本発明は、軽圧下ロールを備えた軽圧下ゾーンを有する連続鋳造設備に有用である。
1 連続鋳造設備
2 タンディッシュ
3 鋳型
4 ノズル
6、7 ロール群
11 ローラ
12 切断カッター
21 軽圧下ゾーン
22 軽圧下ロール
31 誘導加熱装置
32 水冷銅シールド
33 鉄心
34 誘導加熱コイル
35 交流電源
36 制御装置
41 プラズマ加熱装置
42 直流電源
43 制御装置
44 電磁コイル
A 鋳造方向
C1〜C7 二次冷却ゾーン
E 液相部分
F 凝固シェル前面
G 鋳片の厚み方向の中心線
H 鋳片
K 固相部分
L 長辺
P プラズマアーク
T1、T2 プラズマトーチ
R 鋳片の幅方向の中心線、
X 圧下の際に圧下抵抗となる部分

Claims (5)

  1. 軽圧下ロールを備えた軽圧下ゾーンを有する連続鋳造設備を用いて連続鋳造鋳片を製造する方法において、
    少なくとも軽圧下ゾーン内の最上流側端部において鋳片の両短辺の外側に鋳片の短辺に対向して配置された誘導加熱コイルによって、少なくとも鋳片の両短辺の厚み方向の中央部を加熱するとともに、
    前記誘導加熱コイルの出力を制御して、前記鋳片の軽圧下ゾーンにおける短辺部分の断面平均温度が、前記鋳片の固相線温度−100℃以下となるように制御する、ことを特徴とする、連続鋳造鋳片の製造方法。
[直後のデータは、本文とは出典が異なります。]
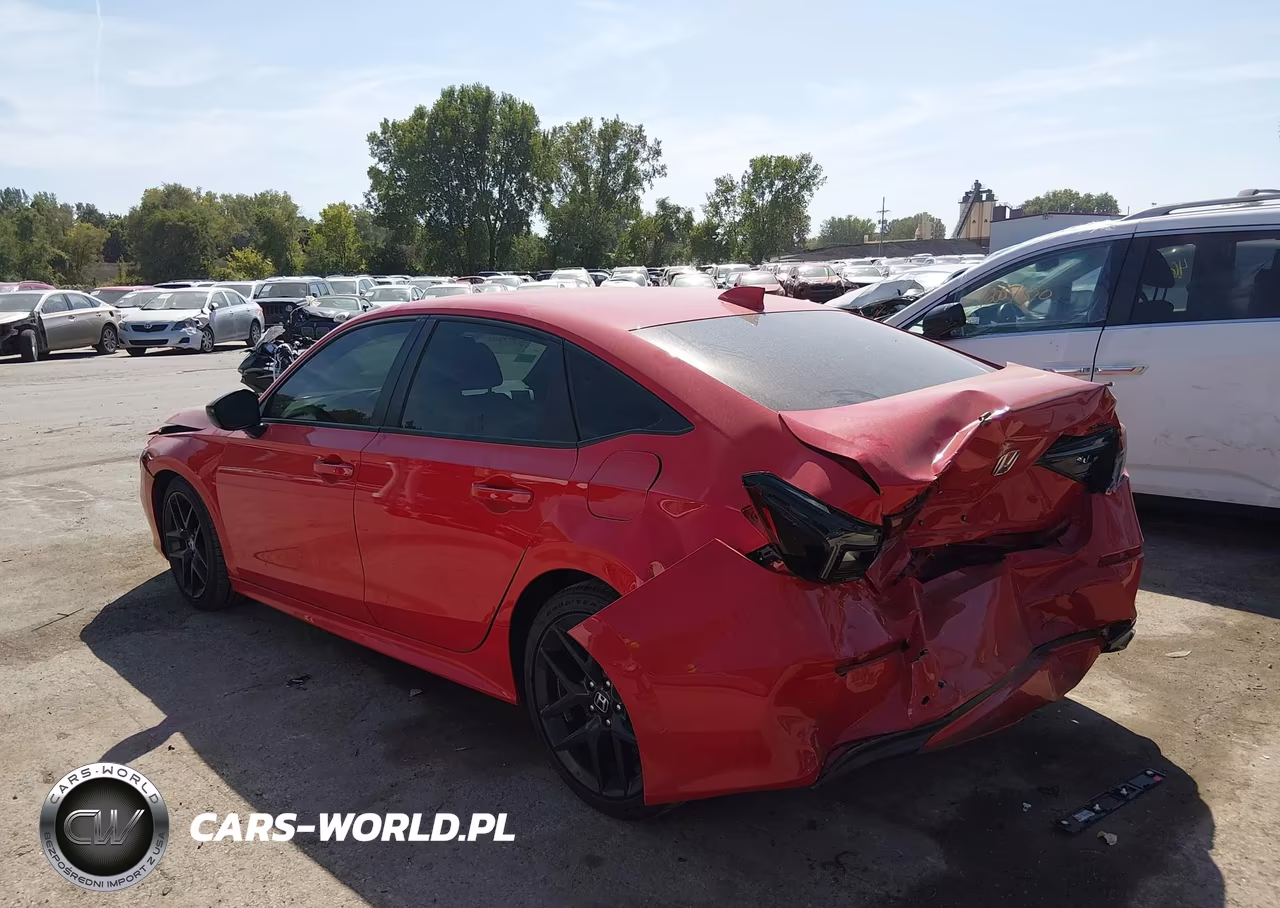 2026 Honda Civic Sport VIN:2HGFE2F57TH517274 - 3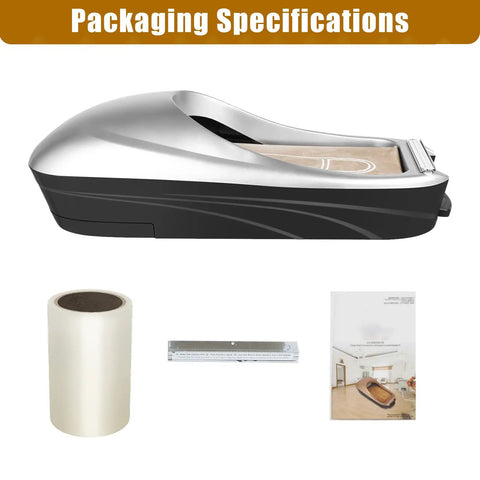Automatic Shoe Cover Dispenser With Walk Through Overshoe Film Skip The Squat Hands Free Stainless Steel Blade Walk Thru Guard with supplies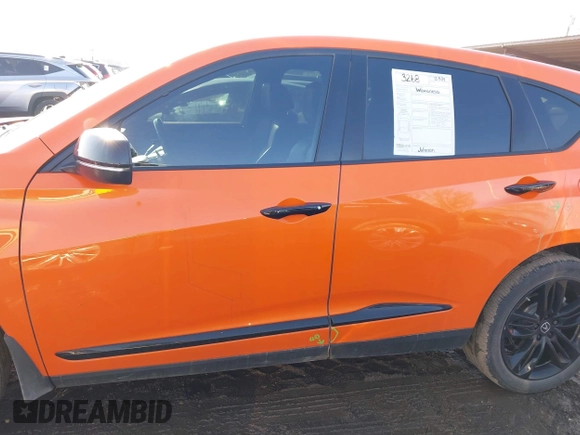 2021 Acura RDX Advance with VIN 5J8TC2H72MY000298, listed as a IAAI auction lot 41188280 with 57,312 mi miles and . Bid and sale history available at DreamBid. Image 15.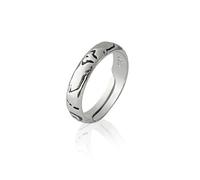 XJruixi Anneaux Anime Couleur Argent Réglable Unisexe Bague Vent Noir Cosplay Accessoires Bijoux pour Hommes Femmes Cadeau de Noël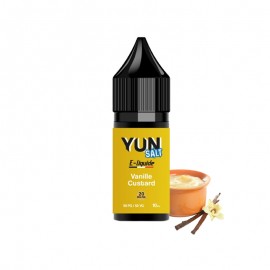 E-liquide YUN Salt Vanille custard 10mL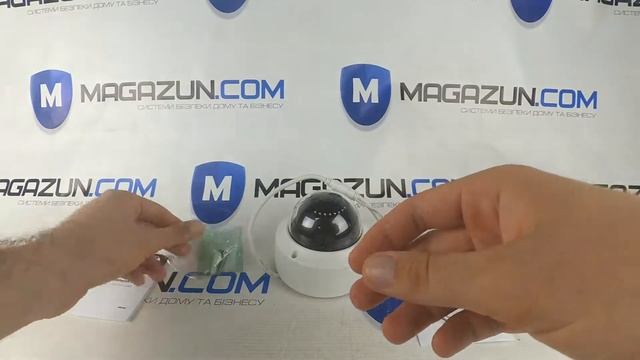 Комплектация IP камеры HikVision DS-2CD1131-I (2.8 мм) купольная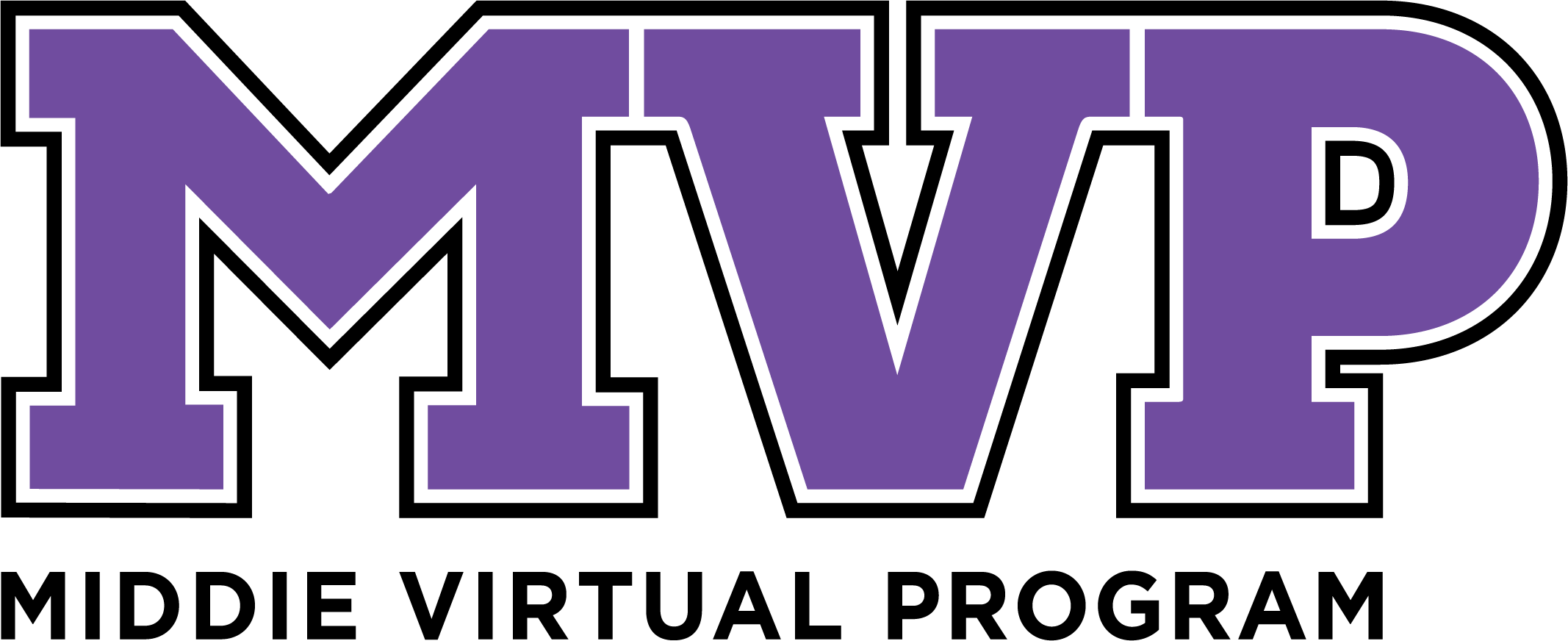 MVP: Middie Virtual Program Logo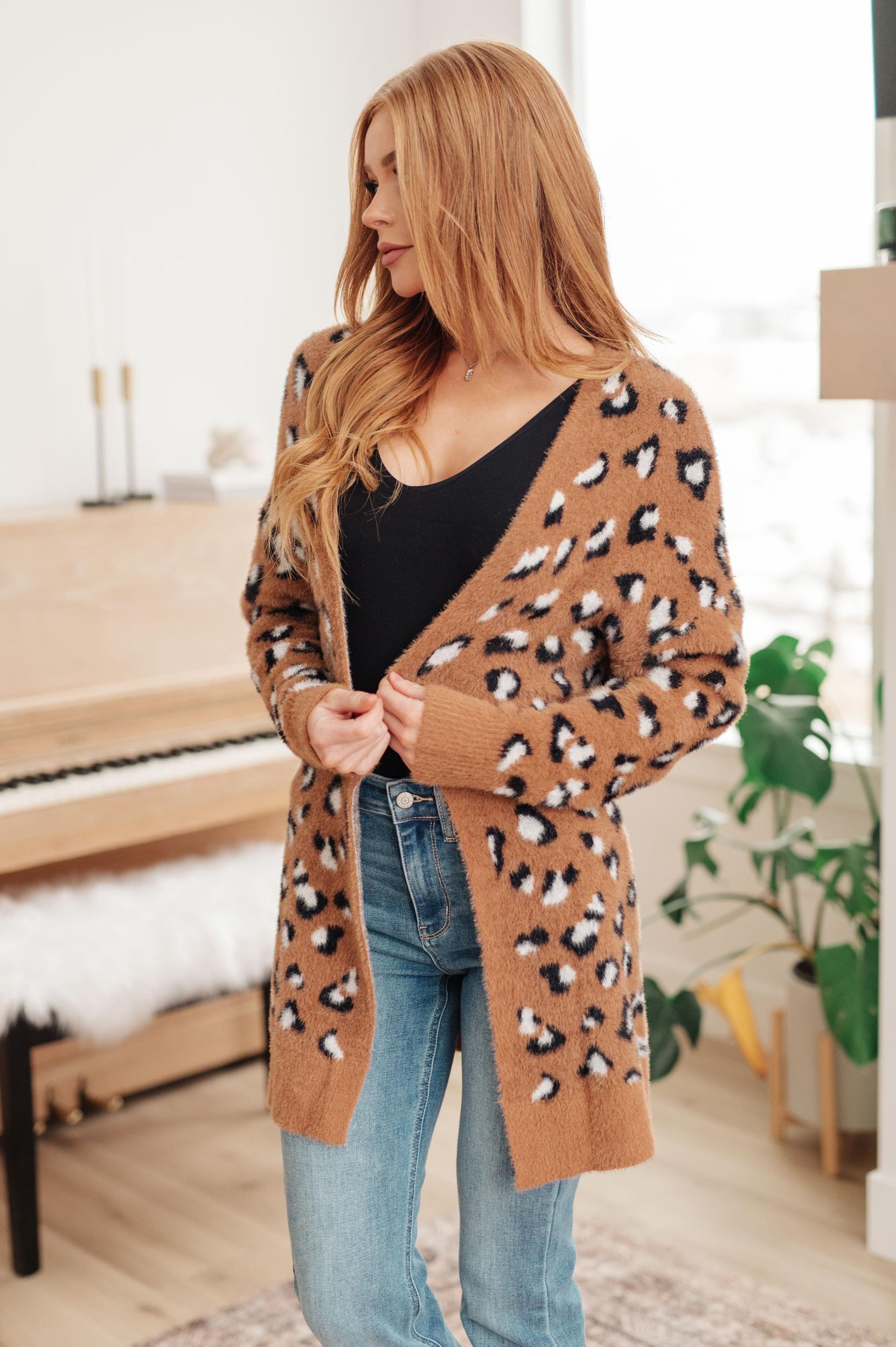 Weekend Adventure Striped Longline Cardigan Product Image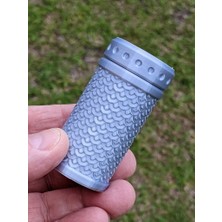 BYR Dokulu Konteyner - Özelleştirilebilir (Sadece Plastik Aparattır!!!) 3D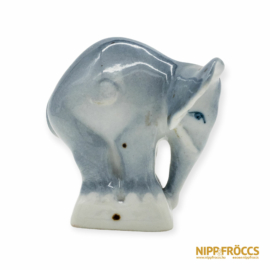 Zsolnay porcelán - Elefánt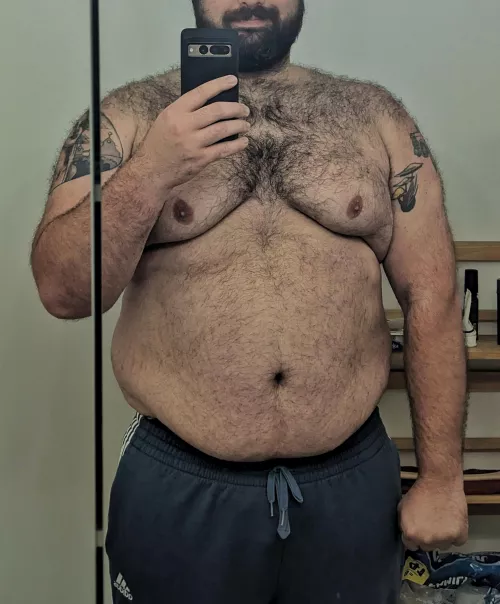 [33] Love these blue Adidas sweatpants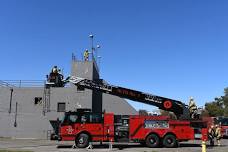 Push In Ceremony for Ladder 31 & Heavy Brush 34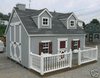 CHILDS CAPE COD PLAY HOUSE WITH PORCH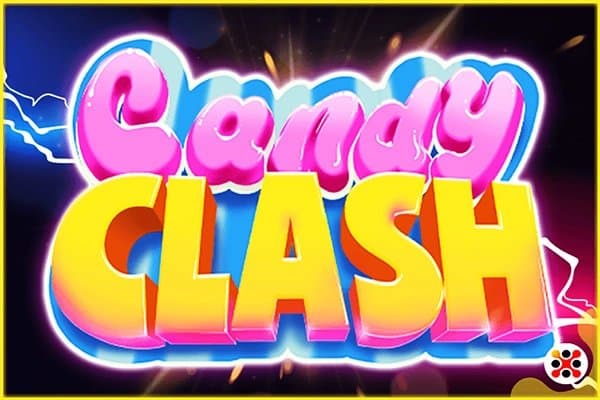 Candy Clash slot game by Mancala Gaming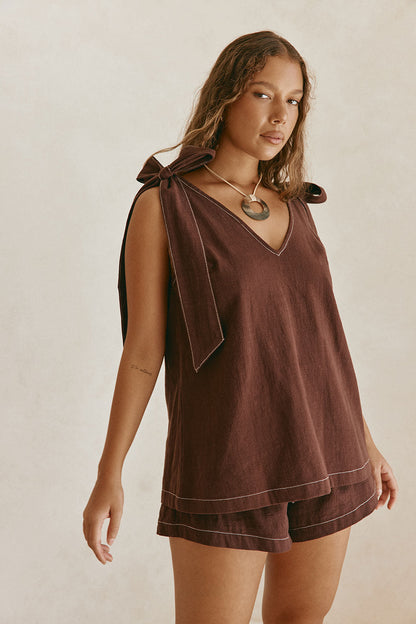 Elixir Shorts - Chocolate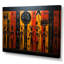Khmya African Tribal Rhythms X - Art mural tribal africain-1384960890-1384960864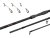 Delphin DIMENZIA LS+ 360cm/175g/3 diely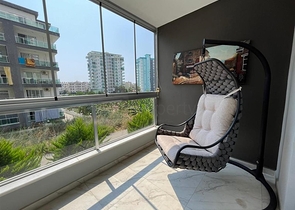 Квартира 3+1 с отдельной кухней в районе Махмутлар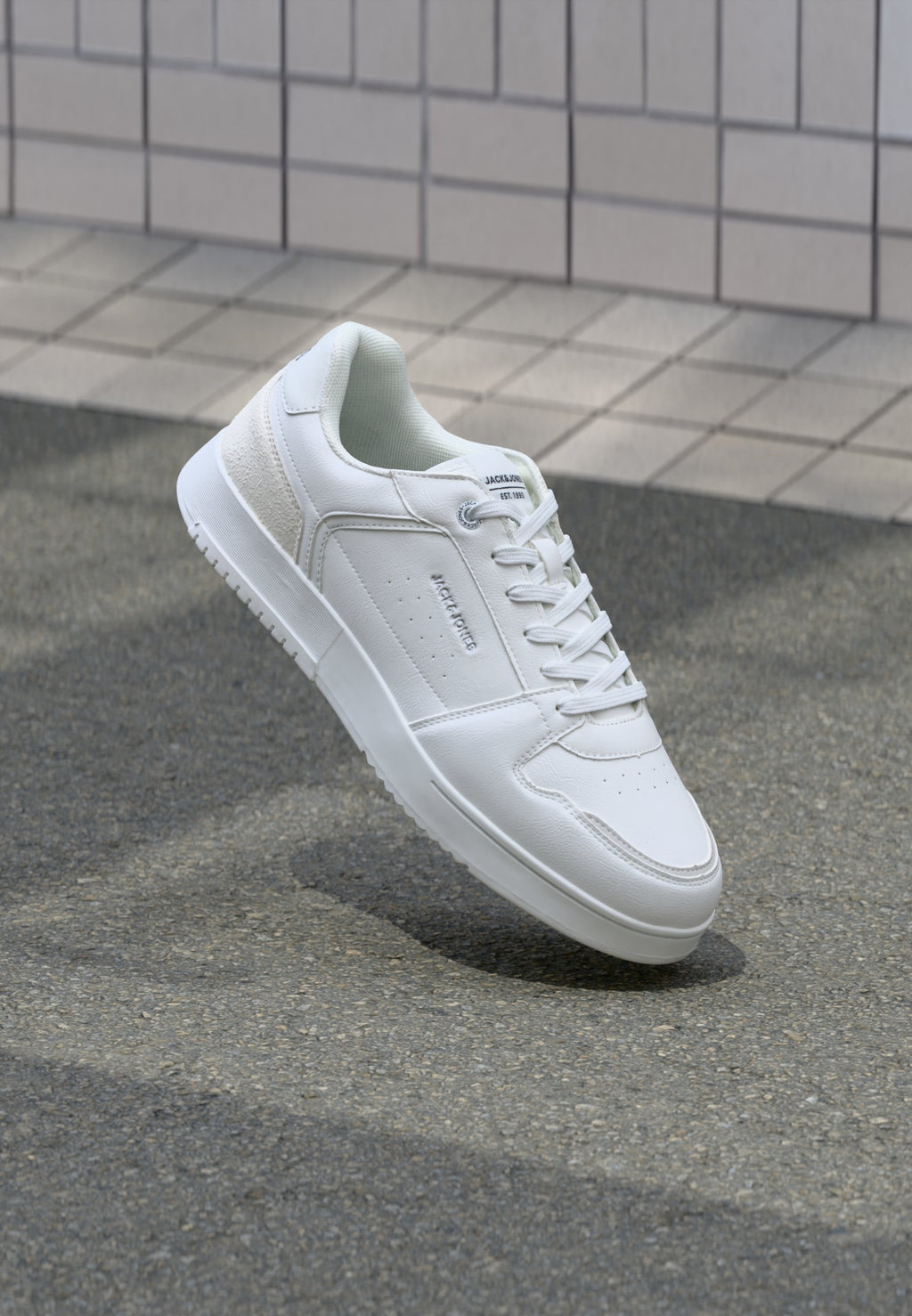 Sneaker Sneaker - Trainers - white/silver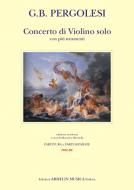 Concerto Di Violino Solo Con Più Strumenti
  2. 前記鋳片の軽圧下ゾーンの短辺部分の断面平均温度が、
    (軽圧下ゾーンの最上流側端部の断面平均温度+軽圧下ゾーンの最下流側端部の断面平均温度)/2
    の値とすることを特徴とする、請求項1に記載の連続鋳造鋳片の製造方法。
  3. 前記誘導加熱コイルによる加熱の際に、鋳片のコーナー部に対してプラズマアークを照射することを特徴とする、請求項1又は2に記載の連続鋳造鋳片の製造方法。
  4. 請求項1または2に記載の連続鋳造鋳片の製造方法を実施するための連続鋳造設備であって、
    軽圧下ロールを備えた軽圧下ゾーンと、
    少なくとも軽圧下ゾーン内の最上流側端部において鋳片の両短辺外側に鋳片の短辺に対向して配置され、少なくとも鋳片の両短辺の厚み方向の中央部を加熱する誘導加熱コイルと、
    前記誘導加熱コイルの出力を制御する制御装置と、を有することを特徴とする、連続鋳造設備。
  5. 前記誘導加熱コイルは、鋳片の鋳造方向に沿って複数備えられていることを特徴とする、請求項4に記載の連続鋳造設備。